# Mixing two colors



## Bobostro61 (Mar 27, 2013)

When is the correct time to mix two colors together to make a decent looking swirl pattern in PR? 

I had one container with 2 oz. of pink, and one container with 1 oz. of white.  I'm thinking if I combine them too early on that they would blend together too much and not give the color separation I want.  So, I waited a little while.  Apparently too long.  The 1 oz. of white started setting up before the pink so I mixed them together.  Something tells me that I'm going to have a big blob of white in the middle of the pink mold.


----------



## plantman (Mar 27, 2013)

I think you are correct. Be prepared to get a lot of "O Caps " before you get that perfect blend. The only formula is practice, practice, practice.    Jim S


----------



## Brooks803 (Mar 27, 2013)

Either a blob in the middle or one color at the top and the other on the bottom.

You have to try and time both colors to gel at the same time. Wait until both are the consistancy of karo syrup when you pour in your mold.


----------



## firewhatfire (Mar 28, 2013)

take a hammer to the blank.  take alot of the broke pieces and drop in with another color and make a mosaic blank.  

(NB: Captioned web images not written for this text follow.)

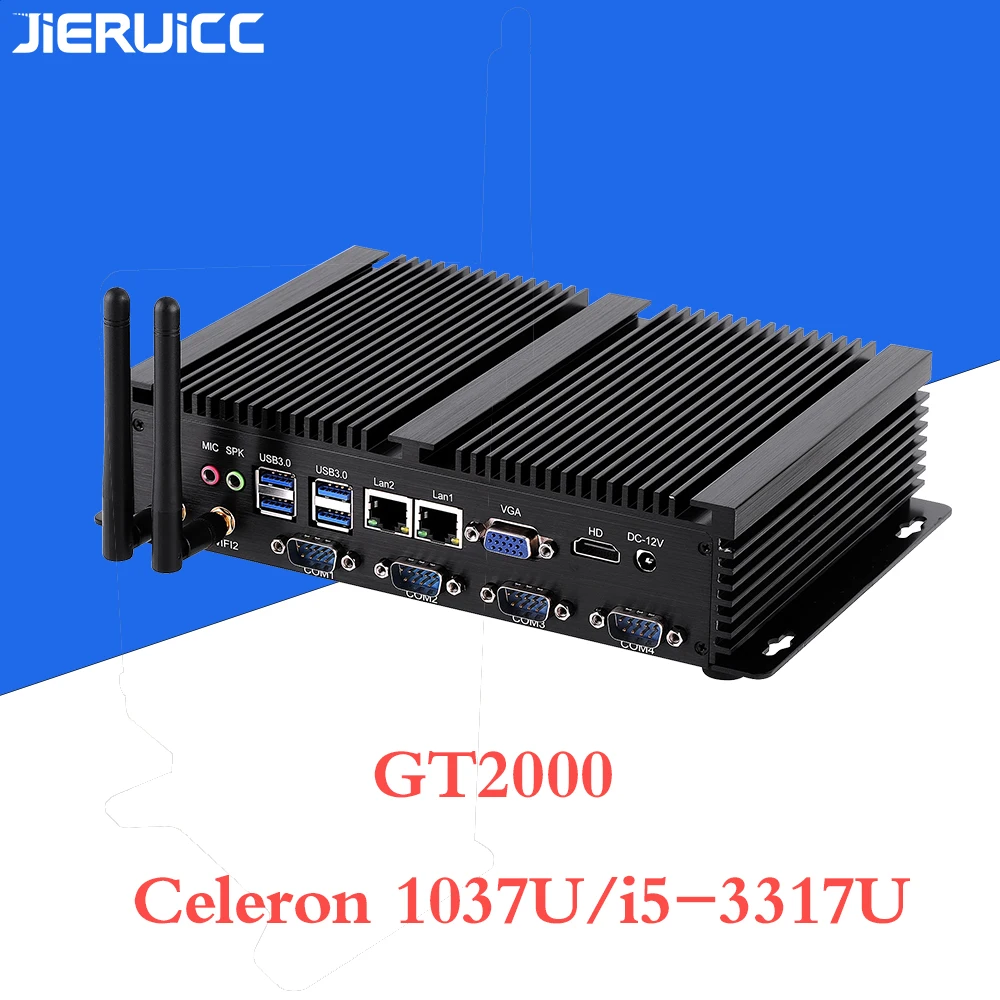 Intel Celeron 1037u безвентиляторный промышленный мини ПК для игровой машины встроенный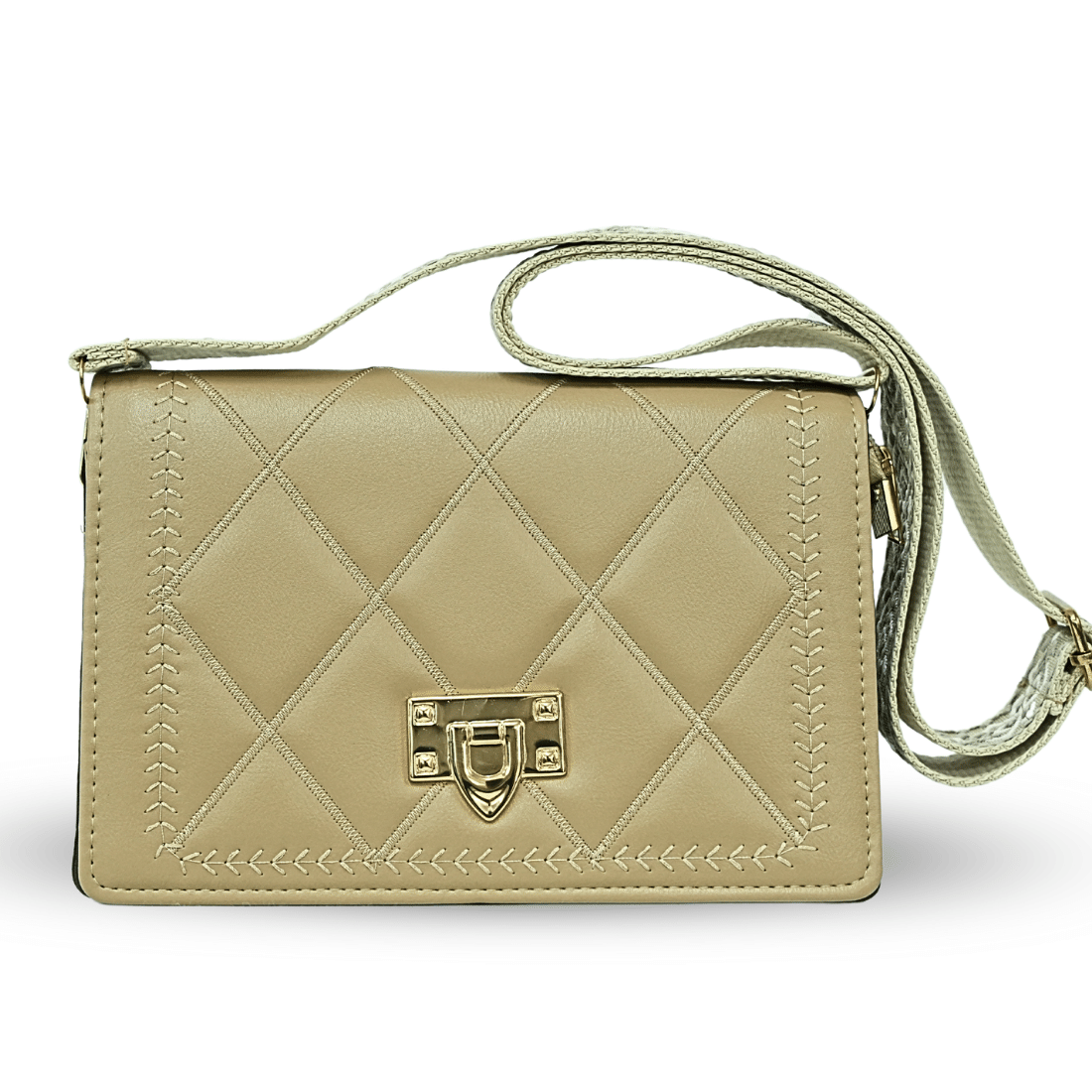     			Sageware Sling Bag Faux Leather Set of 1 ( Beige )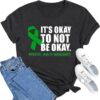 MAIHUN Womens Green Ribbon Awareness Shirts Mental Health Matters Tshirt Inspirational Tee Top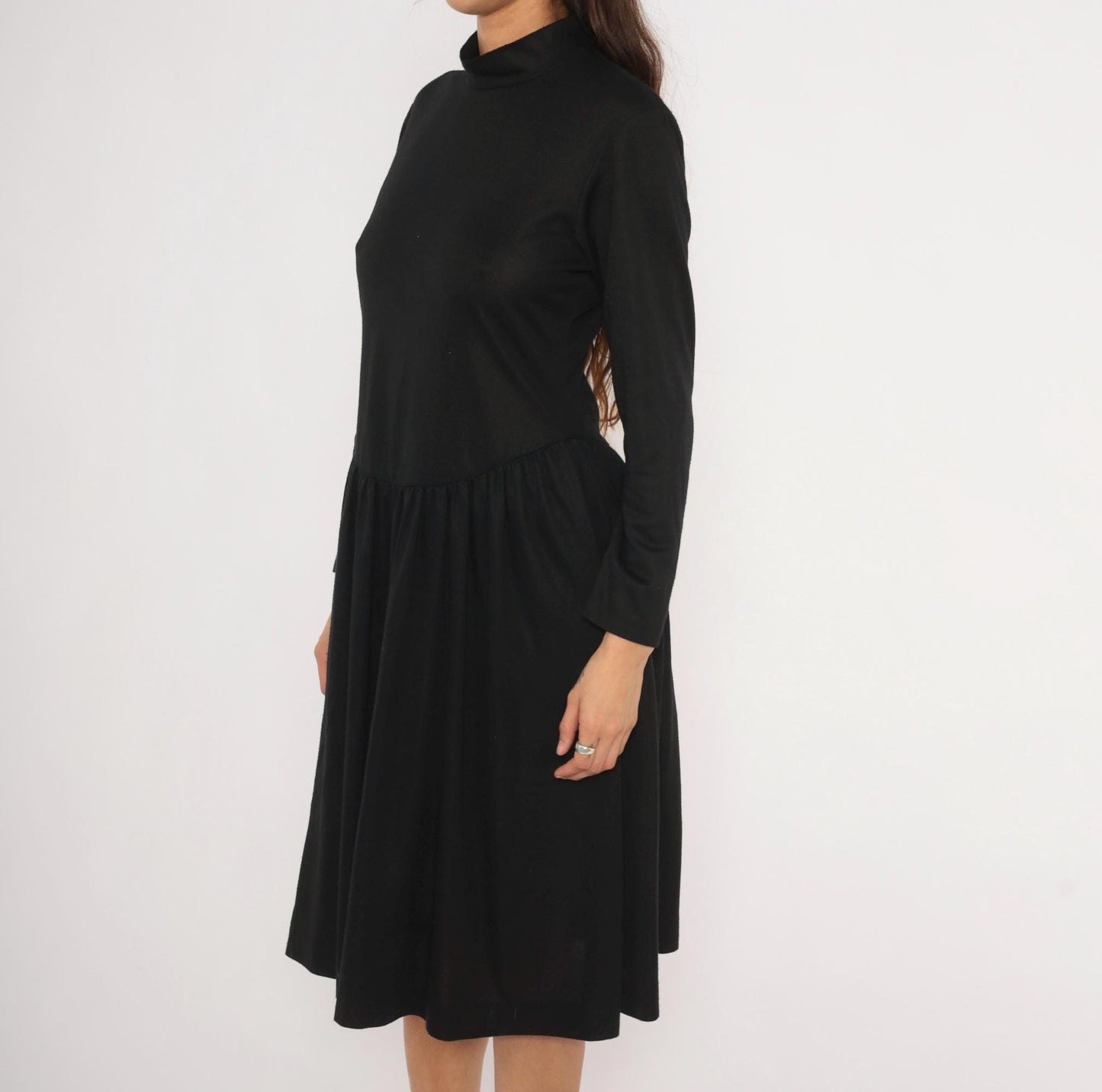 80s Vicky Vaughn Mock Neck Dress Black Drop Waist A-Line Medium M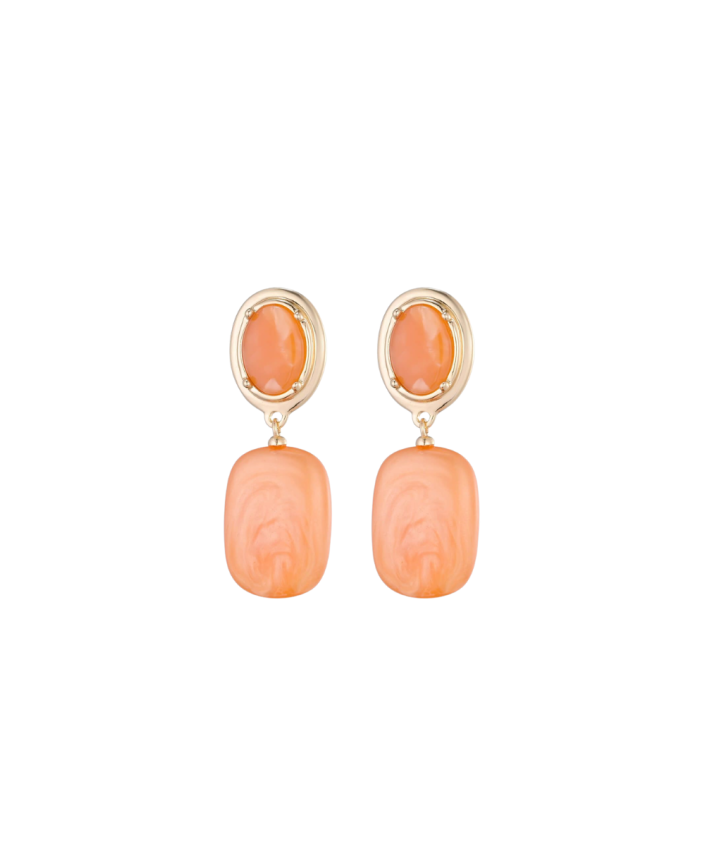 Oorbellen met marmerlook hanger in oranje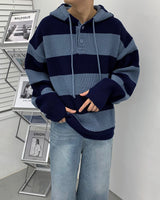 Striped Oversized Warmer Hooded Knitwear (3 colors)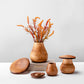 Solid timber mushroom wood ornament and vase set by WoodyKitchenware, featuring natural wood grain and mushroom shape.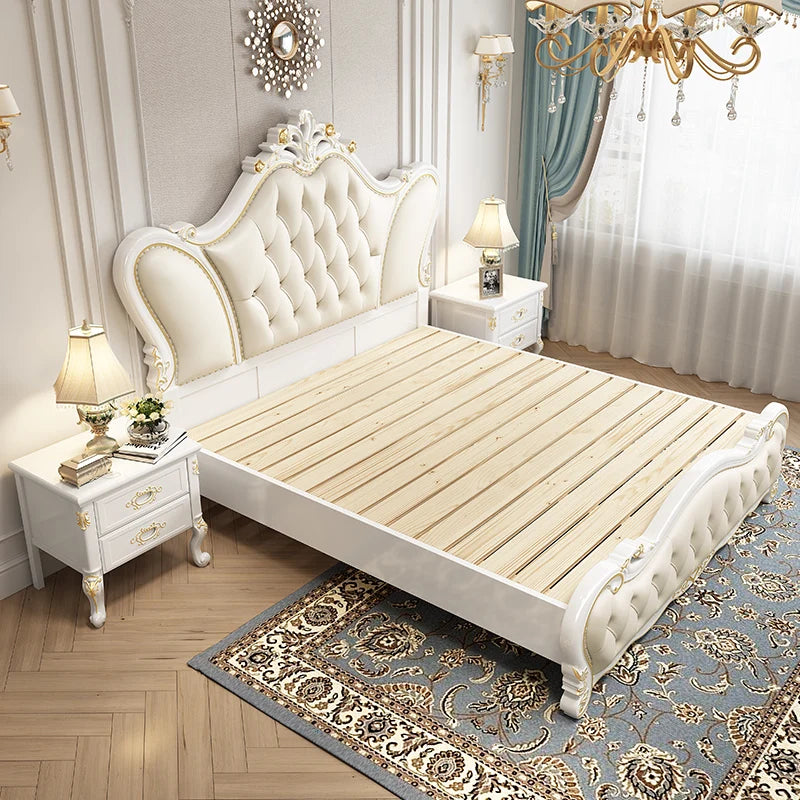 Modern Luxury Design King Size Italian Bed Frame w. Aesthetic Storage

nothing like a design opportunity to get the juices flowing.


----------



## Hendu3270 (Mar 28, 2013)

Seems like everything I've read, (and seen on YouTube), says to wait till the two just start to "gel", then put them together and do a little pulling at the two gel'd mixtures to mix them. Personally I like a little better mixing of the two colors. What I do is pour in the mixtures together (whether it be a flat mold or round pvc molds) as soon as I've mixed in the hardener and do a little swirling and mixing then. Any "bleeding" of the colors together is minimal and the depth I get is good I feel. They look more like the Rhino blanks from PSI if you've ever seen those. No real "right" way, I think you do what you feels works, and looks best, to you.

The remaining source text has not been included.